### PROBLEM DESCRIPTION
Range to output from the entries below: the line containing "Photo - 3168 Dubuque St NE" through the line containing "Australians have been". Set it down exactly, ends included, nothing else.

════════════════════

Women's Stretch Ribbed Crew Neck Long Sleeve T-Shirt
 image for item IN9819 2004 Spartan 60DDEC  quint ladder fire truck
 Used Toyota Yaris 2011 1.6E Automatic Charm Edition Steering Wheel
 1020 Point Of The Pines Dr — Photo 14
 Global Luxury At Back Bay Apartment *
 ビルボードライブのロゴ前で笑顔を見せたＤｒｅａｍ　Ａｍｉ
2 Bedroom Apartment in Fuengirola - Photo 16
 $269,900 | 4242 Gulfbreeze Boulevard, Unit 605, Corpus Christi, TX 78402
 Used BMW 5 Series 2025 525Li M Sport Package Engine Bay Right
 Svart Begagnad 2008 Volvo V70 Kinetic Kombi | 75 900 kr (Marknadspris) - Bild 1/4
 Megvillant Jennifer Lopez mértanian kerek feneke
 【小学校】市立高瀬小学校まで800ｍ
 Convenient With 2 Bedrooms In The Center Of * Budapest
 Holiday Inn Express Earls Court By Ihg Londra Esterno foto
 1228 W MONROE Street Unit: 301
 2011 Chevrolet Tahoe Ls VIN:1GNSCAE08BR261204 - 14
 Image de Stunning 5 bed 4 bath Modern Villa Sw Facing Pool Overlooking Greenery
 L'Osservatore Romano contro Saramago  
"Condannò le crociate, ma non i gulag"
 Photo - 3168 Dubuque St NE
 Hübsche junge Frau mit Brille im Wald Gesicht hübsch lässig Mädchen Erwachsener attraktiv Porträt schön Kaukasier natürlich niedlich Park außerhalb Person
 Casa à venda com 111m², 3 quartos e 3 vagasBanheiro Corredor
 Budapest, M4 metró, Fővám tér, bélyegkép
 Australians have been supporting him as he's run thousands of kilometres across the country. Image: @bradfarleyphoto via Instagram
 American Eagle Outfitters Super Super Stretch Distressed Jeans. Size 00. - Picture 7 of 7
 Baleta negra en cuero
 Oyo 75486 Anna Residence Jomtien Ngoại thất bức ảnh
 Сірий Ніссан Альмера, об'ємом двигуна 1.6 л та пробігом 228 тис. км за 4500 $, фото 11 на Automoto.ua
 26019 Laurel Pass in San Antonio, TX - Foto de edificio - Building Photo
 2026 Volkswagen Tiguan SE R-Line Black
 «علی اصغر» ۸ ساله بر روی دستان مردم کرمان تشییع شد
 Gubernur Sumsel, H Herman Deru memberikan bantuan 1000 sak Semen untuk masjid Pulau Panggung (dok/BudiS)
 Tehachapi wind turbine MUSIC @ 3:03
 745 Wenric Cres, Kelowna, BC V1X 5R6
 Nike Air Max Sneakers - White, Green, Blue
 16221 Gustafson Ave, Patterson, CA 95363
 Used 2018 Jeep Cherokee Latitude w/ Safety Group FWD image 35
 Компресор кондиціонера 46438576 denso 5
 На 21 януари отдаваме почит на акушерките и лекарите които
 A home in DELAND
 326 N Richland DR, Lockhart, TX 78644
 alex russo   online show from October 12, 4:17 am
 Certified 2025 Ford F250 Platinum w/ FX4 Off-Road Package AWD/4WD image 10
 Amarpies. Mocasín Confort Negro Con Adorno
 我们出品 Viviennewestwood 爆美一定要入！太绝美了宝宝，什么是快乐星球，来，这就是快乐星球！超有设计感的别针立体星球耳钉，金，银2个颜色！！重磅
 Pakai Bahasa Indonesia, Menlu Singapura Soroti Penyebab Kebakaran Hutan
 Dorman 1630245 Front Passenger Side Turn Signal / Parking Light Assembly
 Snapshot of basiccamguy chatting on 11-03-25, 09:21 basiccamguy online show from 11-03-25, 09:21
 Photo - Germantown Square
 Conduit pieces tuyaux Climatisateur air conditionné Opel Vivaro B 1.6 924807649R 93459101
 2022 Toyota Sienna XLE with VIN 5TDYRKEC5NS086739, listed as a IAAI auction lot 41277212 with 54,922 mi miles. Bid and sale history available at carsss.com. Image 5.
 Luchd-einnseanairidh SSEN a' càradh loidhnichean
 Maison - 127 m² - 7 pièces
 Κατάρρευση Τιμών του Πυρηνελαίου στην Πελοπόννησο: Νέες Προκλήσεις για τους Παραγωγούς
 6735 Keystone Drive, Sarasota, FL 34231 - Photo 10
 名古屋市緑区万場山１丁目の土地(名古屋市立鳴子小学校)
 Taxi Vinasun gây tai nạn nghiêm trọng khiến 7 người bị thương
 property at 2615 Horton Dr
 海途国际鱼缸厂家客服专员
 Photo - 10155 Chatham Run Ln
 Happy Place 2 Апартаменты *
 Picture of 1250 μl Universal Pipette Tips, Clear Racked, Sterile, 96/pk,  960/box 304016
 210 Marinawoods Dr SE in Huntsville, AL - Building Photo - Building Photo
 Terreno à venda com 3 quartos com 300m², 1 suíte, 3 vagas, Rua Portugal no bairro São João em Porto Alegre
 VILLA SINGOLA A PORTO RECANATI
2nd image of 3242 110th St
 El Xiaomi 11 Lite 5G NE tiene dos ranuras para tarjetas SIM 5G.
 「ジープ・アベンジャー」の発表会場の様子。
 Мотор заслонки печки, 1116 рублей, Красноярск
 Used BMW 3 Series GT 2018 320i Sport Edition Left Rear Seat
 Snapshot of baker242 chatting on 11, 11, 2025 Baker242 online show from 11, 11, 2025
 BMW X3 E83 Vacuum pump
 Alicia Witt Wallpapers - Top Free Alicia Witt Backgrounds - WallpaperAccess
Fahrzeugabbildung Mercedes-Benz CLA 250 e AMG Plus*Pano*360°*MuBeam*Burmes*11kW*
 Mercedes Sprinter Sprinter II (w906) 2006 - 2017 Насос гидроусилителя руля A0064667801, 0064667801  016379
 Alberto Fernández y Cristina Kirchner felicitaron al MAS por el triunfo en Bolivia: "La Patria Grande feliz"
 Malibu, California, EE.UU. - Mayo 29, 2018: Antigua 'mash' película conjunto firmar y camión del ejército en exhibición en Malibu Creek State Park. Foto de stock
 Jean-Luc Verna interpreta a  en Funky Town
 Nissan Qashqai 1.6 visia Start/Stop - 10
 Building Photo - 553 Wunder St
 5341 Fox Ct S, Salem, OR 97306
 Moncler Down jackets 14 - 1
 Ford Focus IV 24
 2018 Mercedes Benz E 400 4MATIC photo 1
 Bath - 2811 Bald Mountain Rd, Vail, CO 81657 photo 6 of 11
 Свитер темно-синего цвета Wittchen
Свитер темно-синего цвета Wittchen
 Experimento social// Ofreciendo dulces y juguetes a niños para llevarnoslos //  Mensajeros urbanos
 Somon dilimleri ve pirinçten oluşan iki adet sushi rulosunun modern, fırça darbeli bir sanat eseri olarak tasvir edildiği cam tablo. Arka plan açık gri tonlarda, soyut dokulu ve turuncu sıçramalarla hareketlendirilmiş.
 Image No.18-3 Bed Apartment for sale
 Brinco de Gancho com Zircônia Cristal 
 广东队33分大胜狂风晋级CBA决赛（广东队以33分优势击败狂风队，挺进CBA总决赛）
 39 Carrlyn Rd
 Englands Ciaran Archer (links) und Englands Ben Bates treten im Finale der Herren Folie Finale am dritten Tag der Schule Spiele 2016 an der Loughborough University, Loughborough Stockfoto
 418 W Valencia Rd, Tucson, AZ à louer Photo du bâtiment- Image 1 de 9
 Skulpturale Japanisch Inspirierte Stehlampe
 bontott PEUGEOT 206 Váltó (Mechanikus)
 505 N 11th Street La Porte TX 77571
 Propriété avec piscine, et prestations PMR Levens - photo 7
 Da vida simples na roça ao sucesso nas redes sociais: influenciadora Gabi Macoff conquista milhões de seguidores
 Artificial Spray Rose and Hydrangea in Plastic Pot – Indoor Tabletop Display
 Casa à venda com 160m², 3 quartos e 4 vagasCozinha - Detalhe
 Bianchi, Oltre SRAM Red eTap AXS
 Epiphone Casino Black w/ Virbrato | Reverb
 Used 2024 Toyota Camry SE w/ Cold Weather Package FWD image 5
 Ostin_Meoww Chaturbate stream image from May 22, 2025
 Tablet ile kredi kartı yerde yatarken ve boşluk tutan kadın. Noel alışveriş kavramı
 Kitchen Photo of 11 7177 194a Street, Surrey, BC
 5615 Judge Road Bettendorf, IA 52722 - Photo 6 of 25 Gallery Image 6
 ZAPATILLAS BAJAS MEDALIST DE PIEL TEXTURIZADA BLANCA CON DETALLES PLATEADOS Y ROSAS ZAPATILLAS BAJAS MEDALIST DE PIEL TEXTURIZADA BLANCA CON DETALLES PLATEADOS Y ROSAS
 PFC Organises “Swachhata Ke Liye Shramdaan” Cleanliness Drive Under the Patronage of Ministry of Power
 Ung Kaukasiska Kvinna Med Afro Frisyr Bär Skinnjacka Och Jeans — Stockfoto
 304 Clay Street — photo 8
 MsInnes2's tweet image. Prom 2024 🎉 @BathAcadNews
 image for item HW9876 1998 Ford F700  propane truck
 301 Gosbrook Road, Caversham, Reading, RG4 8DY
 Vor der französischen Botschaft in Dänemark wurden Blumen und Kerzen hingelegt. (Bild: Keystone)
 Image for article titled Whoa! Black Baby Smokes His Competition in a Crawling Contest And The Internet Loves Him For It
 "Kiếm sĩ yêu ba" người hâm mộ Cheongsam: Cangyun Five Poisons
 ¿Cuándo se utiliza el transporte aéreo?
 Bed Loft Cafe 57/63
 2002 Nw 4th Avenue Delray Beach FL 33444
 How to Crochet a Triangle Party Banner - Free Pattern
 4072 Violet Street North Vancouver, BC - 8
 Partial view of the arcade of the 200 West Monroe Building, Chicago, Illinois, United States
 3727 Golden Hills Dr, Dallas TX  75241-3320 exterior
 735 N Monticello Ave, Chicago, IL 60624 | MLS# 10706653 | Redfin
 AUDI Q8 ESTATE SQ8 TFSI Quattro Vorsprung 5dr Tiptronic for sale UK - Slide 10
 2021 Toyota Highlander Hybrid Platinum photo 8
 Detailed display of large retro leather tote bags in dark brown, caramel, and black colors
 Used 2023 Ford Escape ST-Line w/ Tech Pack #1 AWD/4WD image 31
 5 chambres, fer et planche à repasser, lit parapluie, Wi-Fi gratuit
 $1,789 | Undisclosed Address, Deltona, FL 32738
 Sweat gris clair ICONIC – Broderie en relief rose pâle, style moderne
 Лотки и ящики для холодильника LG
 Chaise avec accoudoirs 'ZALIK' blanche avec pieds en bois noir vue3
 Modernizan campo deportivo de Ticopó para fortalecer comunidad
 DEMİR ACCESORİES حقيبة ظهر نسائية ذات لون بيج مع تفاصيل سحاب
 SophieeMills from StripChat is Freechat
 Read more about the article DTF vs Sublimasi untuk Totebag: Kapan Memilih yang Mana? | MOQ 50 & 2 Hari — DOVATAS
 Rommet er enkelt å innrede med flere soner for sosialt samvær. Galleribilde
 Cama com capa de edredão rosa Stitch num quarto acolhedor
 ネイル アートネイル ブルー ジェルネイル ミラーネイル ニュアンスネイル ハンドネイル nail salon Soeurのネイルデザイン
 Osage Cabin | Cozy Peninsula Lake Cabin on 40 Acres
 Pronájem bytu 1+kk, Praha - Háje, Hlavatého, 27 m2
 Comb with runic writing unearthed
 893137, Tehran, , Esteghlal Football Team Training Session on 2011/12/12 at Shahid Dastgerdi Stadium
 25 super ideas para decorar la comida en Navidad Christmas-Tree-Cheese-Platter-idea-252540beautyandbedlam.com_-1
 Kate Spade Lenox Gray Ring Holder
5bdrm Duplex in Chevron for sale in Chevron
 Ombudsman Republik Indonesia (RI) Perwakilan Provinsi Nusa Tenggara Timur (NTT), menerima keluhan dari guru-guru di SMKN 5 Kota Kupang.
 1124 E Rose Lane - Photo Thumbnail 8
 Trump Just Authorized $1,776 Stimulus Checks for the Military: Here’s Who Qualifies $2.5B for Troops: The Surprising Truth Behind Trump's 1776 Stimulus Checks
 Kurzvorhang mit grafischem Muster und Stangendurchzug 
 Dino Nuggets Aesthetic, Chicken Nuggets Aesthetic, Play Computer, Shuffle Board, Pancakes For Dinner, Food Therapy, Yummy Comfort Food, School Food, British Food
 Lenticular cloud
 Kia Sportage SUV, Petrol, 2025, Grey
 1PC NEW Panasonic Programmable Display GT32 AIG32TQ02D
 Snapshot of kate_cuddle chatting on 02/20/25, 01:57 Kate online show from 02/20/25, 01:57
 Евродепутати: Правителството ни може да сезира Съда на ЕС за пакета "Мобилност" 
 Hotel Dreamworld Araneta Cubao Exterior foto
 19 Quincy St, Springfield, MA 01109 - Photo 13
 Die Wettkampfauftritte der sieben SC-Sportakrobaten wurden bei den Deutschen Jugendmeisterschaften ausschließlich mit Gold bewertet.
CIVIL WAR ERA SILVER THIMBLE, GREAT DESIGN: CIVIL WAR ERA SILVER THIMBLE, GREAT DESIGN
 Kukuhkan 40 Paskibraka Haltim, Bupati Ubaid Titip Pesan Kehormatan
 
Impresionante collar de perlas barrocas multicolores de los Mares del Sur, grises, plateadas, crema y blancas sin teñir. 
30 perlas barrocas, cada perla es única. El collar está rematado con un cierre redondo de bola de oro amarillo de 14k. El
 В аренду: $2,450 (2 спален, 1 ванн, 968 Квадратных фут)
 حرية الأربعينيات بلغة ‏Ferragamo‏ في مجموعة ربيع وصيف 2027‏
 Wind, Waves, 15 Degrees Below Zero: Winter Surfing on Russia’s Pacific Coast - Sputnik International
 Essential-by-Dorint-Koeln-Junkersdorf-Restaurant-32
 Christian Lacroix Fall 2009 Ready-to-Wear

════════════════════

### WRITTEN REPLY
 Photo - 3168 Dubuque St NE
 Hübsche junge Frau mit Brille im Wald Gesicht hübsch lässig Mädchen Erwachsener attraktiv Porträt schön Kaukasier natürlich niedlich Park außerhalb Person
 Casa à venda com 111m², 3 quartos e 3 vagasBanheiro Corredor
 Budapest, M4 metró, Fővám tér, bélyegkép
 Australians have been supporting him as he's run thousands of kilometres across the country. Image: @bradfarleyphoto via Instagram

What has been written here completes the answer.